Prove that $5$ is irreducible in $\mathbb Z[\sqrt{2}]$ Consider the UFD $\mathbb Z[\sqrt{2}]$. Prime and irreducible elements there are the same. How do I show that $5$ is irreducible?
I tried to write $5=(a+b\sqrt 2)(c+d\sqrt 2)$ or $(2bd+ac-5)+(bc+ad)\sqrt 2=0$. We have $bc+ad=0$. If $c=0$, then either $d=0$ (in which case $5=0$) or $a=0$ (in which case $2bd=5$). Either case gives a contradiction. Suppose $c\ne 0$. Then $b=-(da)/c$. So $-2d^2a/c+ac-5=0$. But I don't see how to proceed. Maybe it's the wrong path?
 A: To answer this question it is best to define a norm on $\mathbb{Z}[\sqrt2]$ as this will give you information regarding the arithmetic structure in the given domain.

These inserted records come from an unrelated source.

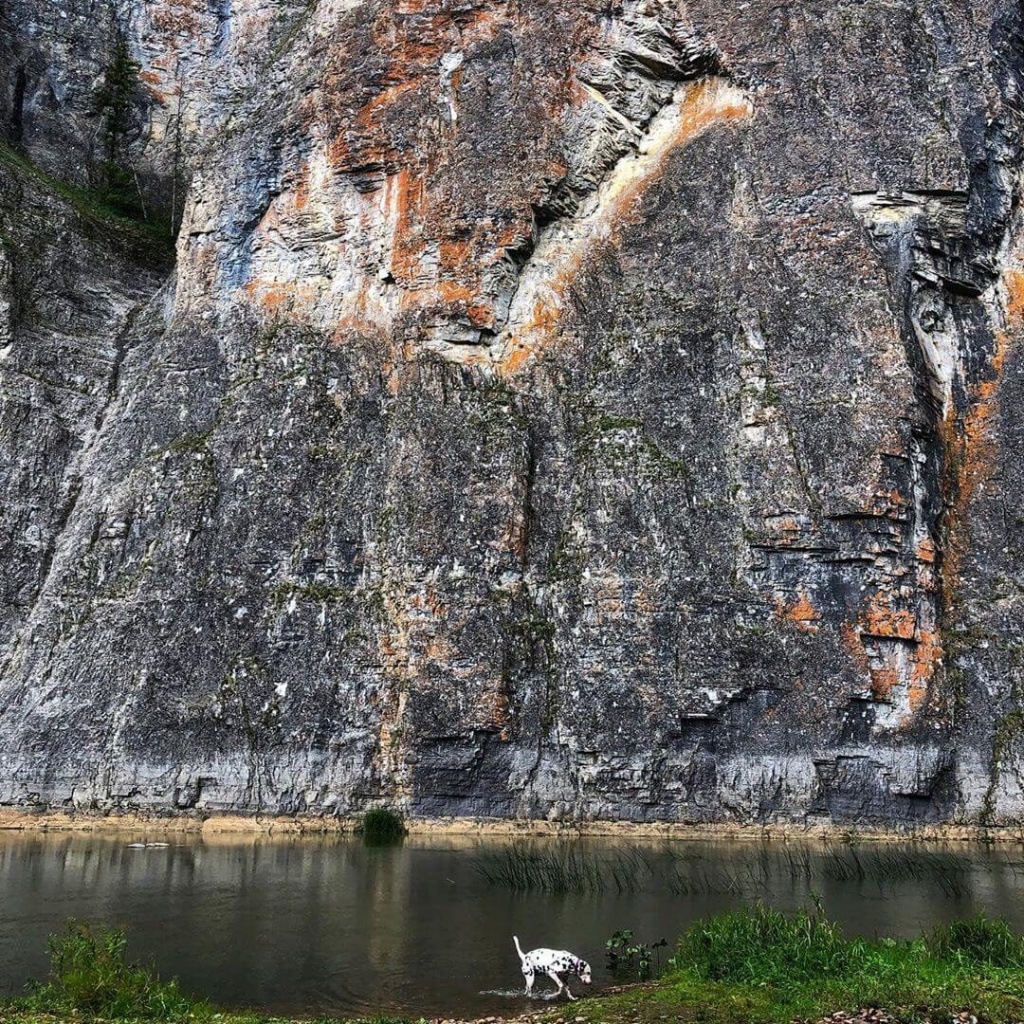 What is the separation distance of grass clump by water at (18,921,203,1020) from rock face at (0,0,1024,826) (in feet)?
62.0

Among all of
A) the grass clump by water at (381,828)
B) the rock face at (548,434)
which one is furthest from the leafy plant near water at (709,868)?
the rock face at (548,434)

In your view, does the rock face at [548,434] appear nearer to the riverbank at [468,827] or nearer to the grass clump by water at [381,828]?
the riverbank at [468,827]

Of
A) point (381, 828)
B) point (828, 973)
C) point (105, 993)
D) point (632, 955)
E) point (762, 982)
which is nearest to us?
point (105, 993)

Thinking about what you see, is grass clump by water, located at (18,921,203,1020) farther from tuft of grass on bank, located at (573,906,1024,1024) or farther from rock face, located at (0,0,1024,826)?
rock face, located at (0,0,1024,826)

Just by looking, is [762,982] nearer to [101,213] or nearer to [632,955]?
[632,955]

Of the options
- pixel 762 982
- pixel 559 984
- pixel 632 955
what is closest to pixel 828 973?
pixel 762 982

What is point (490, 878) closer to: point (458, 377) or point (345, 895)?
point (345, 895)

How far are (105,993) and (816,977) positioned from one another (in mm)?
7123

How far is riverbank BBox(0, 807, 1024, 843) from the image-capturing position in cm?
2766

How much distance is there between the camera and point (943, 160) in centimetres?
3475

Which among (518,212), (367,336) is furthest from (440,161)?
(367,336)

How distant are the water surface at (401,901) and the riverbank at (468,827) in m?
1.14

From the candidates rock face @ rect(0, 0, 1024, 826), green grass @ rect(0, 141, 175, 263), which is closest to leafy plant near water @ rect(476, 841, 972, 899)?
rock face @ rect(0, 0, 1024, 826)

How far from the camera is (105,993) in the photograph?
1008 centimetres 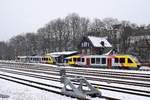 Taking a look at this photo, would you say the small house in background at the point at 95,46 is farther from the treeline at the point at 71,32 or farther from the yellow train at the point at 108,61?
the treeline at the point at 71,32

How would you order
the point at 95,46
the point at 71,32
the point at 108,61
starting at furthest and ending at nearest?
the point at 71,32 < the point at 95,46 < the point at 108,61

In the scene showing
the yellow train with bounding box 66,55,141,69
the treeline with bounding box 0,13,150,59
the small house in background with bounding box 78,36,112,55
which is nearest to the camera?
the yellow train with bounding box 66,55,141,69

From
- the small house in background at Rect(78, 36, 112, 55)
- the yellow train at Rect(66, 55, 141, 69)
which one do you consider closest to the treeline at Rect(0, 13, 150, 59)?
the small house in background at Rect(78, 36, 112, 55)

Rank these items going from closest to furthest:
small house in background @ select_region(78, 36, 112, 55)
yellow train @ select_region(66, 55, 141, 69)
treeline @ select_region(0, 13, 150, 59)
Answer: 1. yellow train @ select_region(66, 55, 141, 69)
2. small house in background @ select_region(78, 36, 112, 55)
3. treeline @ select_region(0, 13, 150, 59)

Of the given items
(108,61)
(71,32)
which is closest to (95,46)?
(108,61)

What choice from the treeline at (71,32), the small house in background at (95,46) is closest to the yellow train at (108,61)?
the small house in background at (95,46)

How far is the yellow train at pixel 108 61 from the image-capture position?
4684cm

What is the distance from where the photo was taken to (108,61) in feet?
168

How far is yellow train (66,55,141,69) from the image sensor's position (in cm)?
4684

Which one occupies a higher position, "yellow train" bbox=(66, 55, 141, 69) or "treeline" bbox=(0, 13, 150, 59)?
"treeline" bbox=(0, 13, 150, 59)

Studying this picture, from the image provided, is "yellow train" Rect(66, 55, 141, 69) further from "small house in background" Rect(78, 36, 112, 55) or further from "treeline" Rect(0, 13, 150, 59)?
"treeline" Rect(0, 13, 150, 59)

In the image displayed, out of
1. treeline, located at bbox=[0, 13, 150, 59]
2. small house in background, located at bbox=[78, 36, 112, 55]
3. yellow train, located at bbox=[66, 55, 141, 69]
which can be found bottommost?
yellow train, located at bbox=[66, 55, 141, 69]

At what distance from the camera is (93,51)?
250ft

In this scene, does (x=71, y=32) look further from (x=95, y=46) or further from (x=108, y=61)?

You can define the following norm $\nu: \mathbb{Z}[\sqrt2] \rightarrow \mathbb{Z}$ given by $\nu(a+b\sqrt2)=a^2 - 2b^2$. It is easy to check that this is a multiplicative norm on the given domain; you just need to check that it satisfies the following properties:


*

*$\nu(\alpha) = 0$ if and only if $\alpha = 0$

*$\nu(\alpha \beta) = \nu(\alpha) \nu(\beta)$ for all $\alpha,\beta \in \mathbb{Z}[\sqrt2]$
Now to determine whether 5 is irreducible, first notice that the norm of 5 under $\nu$ is 25 i.e. $\nu(5)=25$. Then suppose that 5 factored into two elements $\alpha, \beta \in \mathbb{Z}[\sqrt2]$ i.e. $5=\alpha\beta$. We must have that $\nu(\alpha\beta)=\nu(\alpha)\nu(\beta)=25$.
For this to occur either $\nu(\alpha)=\nu(\beta)=\pm5$ or $\nu(\alpha)=\pm1$ (or alternatively $\nu(\beta)=\pm1$). It is easy to see that there does not exist any element in $\mathbb{Z}[\sqrt2]$ that has norm $\pm5$; that is we cannot have $\nu(\alpha)=\nu(\beta)=\pm5$. But then the only other option is that either $\nu(\alpha)=\pm1$ or $\nu(\beta)=\pm1$. However, if either $\nu(\alpha)=\pm1$ or $\nu(\beta)=\pm1$, then 5 must be irreducible since $\alpha$ or $\beta$ is a unit.
A: Your equation
$$5=(a+b\sqrt 2)(c+d\sqrt 2) = (ac + 2bd) + (ad+bc)\sqrt2$$
gives the system
$$\begin{cases}
ac+2bd = 5\\
ad+bc = 0
\end{cases}$$
Multiplying the first equation by $d$, the second by $-c$ and adding them yields $$2bd^2 - bc^2 = 5d \implies b(2d^2-c^2) = 5d$$
Hence $5 \mid b$ or $5 \mid (2d^2 - c^2)$. However, the second possibility is impossible because $x^2 \equiv \pm 1 \pmod 5$.
Therefore $5 \mid b$.
Similarly, multiplying the first equation by $c$, the second by $-2d$ and adding them gives
$$ac^2-2ad^2 = 5c \implies a(c^2-2d^2) = 5c$$
As above we conclude $5 \mid a$.
Therefore $\exists \hat{a}, \hat{b} \in \mathbb{Z}$ such that $a = 5\hat{a}$ and $b = 5\hat{b}$.
We have
$$5 = (a+b\sqrt 2)(c+d\sqrt 2) = (5\hat{a}+5\hat{b}\sqrt 2)(c+d\sqrt 2) = 5(\hat{a}+\hat{b}\sqrt 2)(c+d\sqrt 2)$$
Dividing be $5$ gives
$$1 = (\hat{a}+\hat{b}\sqrt 2)(c+d\sqrt 2)$$
so $c + d\sqrt{2}$ is invertible in $\mathbb{Z}[\sqrt{2}]$ with $(c + d\sqrt{2})^{-1} = \hat{a}+\hat{b}\sqrt 2$.